Dia mengatakan, yang kerap luput dari pembacaan kritis adalah bahwa ketegasan dalam pidato tersebut tidak lahir dari ruang hampa. Banyak pernyataan Prabowo yang semula disangsikan justru perlahan menemukan bentuknya dalam tindakan.

Penertiban kawasan hutan yang selama bertahun-tahun dibiarkan, pencabutan izin pemanfaatan hutan bagi pihak yang lalai, hingga pencabutan bahkan perampasan tambang yang melanggar hukum tanpa pandang bulu—semuanya berjalan.

Termasuk langkah penegakan hukum terhadap koruptor yang sebelumnya seolah kebal. Sebelum berbicara tegas di forum internasional, bukti-bukti itu telah lebih dulu hadir: tidak riuh, tidak selalu disorot, tetapi bergerak pelan dan pasti. “Kesenyapan kerja inilah yang kerap tidak terbaca, padahal justru menjadi fondasi legitimasi,” kata dia.

Karena itu, Azis menilai pidato ini seharusnya dibaca sebagai kelanjutan dari proses pembuktian kinerja, bukan sekadar awalnya. Legitimasi hari ini tumbuh dari kesinambungan antara kata dan tindakan.

“Ketika kerja sama internasional berujung pada investasi yang benar-benar berjalan, ketika lapangan kerja tercipta, ketika ketahanan pangan dan energi diperkuat, maka arah yang disampaikan di Davos memperoleh maknanya yang nyata,” ujar dia.
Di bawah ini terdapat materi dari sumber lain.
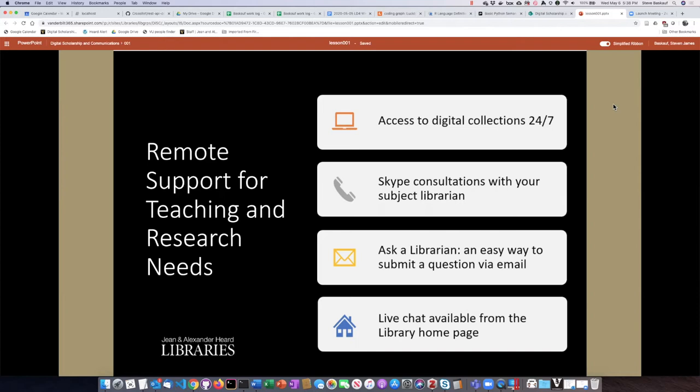I'd like to make you aware of several services that are available from the library at Vanderbilt. First of all, we have 24-7 access to all of our digital collections, and there are also a number of really great ways that you can get in contact with a librarian to get help.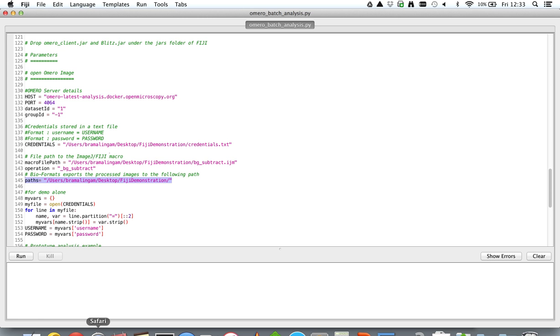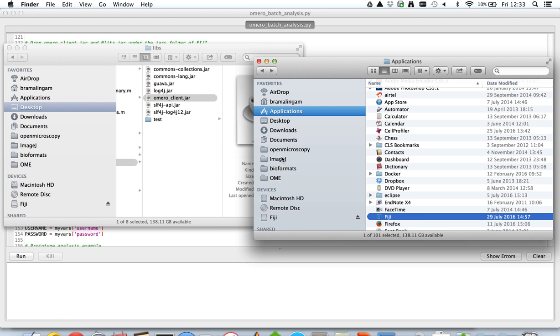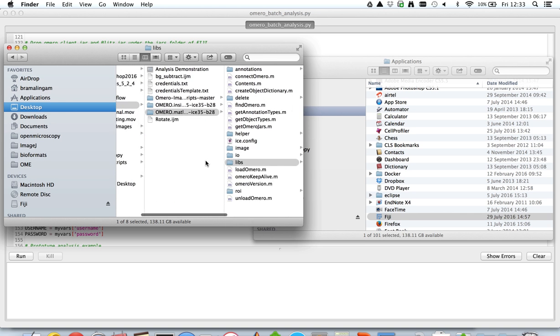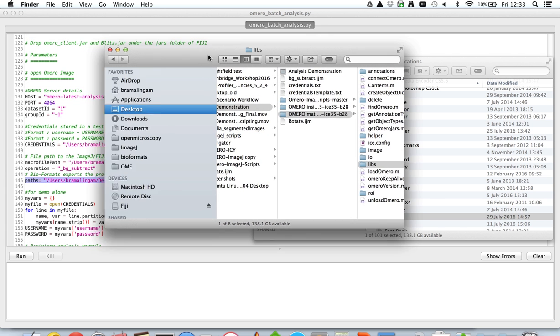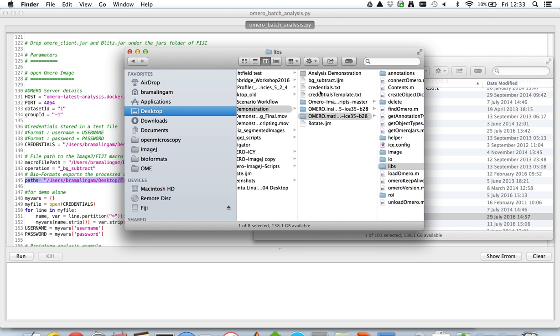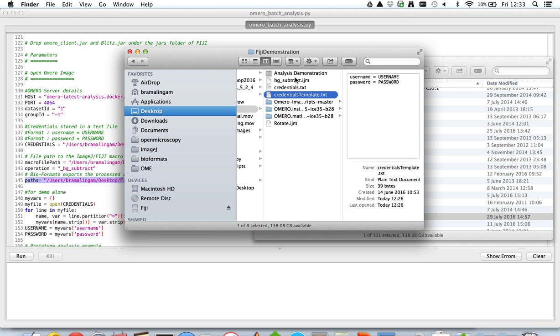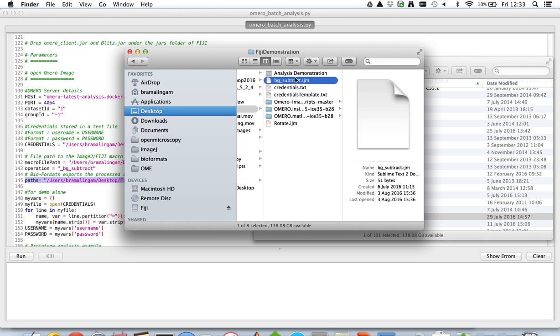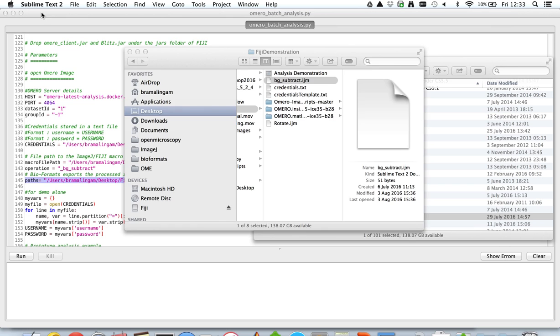So let's look at the two files that we've not looked at so far, which is the credentials file which needs to be in the following format: username equals your username, password equals your password, and this gets read by the script. And then this script also consumes an ImageJ macro, and in this case it's a background subtraction macro, it's a really simple and straightforward macro.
Dia mengatakan keraguan yang muncul tidak perlu dihadapi dengan defensif. Ia dijawab dengan konsistensi kerja. Harapan yang tersisa tidak dipelihara dengan slogan baru, melainkan dengan hasil yang bisa dirasakan.

“Publik yang waspada justru menyediakan ruang legitimasi paling sehat—karena kepercayaan yang lahir dari pembuktian akan jauh lebih kokoh daripada kepercayaan yang diminta,” kata dia.